Brief descriptive captions
BEGIN

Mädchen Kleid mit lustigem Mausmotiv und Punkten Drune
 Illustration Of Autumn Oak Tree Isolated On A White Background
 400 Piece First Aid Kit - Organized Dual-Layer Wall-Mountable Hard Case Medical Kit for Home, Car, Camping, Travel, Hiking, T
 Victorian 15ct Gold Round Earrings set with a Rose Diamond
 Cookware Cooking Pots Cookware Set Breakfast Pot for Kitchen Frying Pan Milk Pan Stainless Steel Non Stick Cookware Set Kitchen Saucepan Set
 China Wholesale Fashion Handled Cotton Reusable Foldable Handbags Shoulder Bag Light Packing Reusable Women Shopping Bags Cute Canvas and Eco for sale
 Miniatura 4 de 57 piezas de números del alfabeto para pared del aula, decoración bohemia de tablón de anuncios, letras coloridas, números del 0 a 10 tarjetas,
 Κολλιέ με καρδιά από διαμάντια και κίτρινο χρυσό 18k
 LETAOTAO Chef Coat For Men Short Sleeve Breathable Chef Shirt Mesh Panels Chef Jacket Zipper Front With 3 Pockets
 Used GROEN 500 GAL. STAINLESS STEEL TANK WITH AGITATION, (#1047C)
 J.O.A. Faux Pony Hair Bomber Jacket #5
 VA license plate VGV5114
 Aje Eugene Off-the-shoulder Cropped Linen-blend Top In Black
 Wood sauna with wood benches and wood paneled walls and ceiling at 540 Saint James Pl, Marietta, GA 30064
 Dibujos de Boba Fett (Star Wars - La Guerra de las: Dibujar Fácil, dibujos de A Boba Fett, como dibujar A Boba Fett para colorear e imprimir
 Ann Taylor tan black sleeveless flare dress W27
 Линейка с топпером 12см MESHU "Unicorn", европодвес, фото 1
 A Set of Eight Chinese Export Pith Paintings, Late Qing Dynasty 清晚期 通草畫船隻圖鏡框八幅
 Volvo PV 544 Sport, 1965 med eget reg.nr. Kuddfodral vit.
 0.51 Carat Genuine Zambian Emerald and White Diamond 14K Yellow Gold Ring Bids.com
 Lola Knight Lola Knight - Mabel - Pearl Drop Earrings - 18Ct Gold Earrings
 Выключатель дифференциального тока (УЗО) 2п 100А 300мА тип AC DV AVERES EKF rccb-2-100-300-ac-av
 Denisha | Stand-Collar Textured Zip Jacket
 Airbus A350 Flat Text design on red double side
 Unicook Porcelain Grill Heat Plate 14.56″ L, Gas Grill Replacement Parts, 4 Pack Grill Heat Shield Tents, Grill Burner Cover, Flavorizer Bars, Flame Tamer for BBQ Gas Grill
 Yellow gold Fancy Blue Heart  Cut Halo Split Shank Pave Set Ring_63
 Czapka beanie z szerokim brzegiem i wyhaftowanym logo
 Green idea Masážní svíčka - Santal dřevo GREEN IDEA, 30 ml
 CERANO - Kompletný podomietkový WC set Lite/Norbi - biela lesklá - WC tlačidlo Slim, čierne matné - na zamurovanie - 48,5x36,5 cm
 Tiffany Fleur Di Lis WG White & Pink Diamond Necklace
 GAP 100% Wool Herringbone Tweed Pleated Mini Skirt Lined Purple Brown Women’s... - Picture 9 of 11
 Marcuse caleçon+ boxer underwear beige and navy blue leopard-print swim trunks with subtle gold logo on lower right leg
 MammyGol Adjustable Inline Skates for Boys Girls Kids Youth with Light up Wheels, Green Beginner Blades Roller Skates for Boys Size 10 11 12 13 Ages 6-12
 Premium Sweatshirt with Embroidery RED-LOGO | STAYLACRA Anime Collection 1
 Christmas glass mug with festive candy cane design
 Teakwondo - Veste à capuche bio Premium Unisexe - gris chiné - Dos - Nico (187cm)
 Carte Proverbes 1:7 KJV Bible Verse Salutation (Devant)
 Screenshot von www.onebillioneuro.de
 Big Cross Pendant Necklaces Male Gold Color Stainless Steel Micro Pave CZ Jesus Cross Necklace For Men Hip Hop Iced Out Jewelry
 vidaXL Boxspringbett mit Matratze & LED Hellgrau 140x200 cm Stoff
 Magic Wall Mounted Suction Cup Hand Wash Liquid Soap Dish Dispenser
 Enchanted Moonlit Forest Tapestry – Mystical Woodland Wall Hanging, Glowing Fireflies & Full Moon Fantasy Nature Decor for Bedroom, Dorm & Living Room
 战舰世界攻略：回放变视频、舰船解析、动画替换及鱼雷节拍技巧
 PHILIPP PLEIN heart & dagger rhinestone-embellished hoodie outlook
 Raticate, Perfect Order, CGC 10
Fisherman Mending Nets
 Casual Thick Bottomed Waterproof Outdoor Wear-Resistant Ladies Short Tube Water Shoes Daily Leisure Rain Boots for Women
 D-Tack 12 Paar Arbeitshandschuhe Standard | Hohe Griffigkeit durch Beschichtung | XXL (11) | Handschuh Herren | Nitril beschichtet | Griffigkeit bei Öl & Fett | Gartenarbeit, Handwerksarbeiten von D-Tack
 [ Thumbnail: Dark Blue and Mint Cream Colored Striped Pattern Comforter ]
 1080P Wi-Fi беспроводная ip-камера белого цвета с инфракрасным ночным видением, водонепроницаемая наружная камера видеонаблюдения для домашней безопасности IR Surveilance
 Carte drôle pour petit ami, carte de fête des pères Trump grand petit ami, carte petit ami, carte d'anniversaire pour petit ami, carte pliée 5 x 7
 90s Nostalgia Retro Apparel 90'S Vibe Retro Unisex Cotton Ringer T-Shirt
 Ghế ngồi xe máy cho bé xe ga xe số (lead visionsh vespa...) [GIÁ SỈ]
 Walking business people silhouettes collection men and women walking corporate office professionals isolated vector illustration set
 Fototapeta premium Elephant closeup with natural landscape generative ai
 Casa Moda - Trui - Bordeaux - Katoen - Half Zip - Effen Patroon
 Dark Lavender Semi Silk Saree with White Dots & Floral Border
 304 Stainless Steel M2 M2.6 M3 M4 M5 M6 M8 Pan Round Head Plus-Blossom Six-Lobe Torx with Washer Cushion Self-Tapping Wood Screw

END

The lines to copy run from the first line of the entries to the line containing "Victorian 15ct Gold"; copy them exactly and output nothing else.

Task answer
Mädchen Kleid mit lustigem Mausmotiv und Punkten Drune
 Illustration Of Autumn Oak Tree Isolated On A White Background
 400 Piece First Aid Kit - Organized Dual-Layer Wall-Mountable Hard Case Medical Kit for Home, Car, Camping, Travel, Hiking, T
 Victorian 15ct Gold Round Earrings set with a Rose Diamond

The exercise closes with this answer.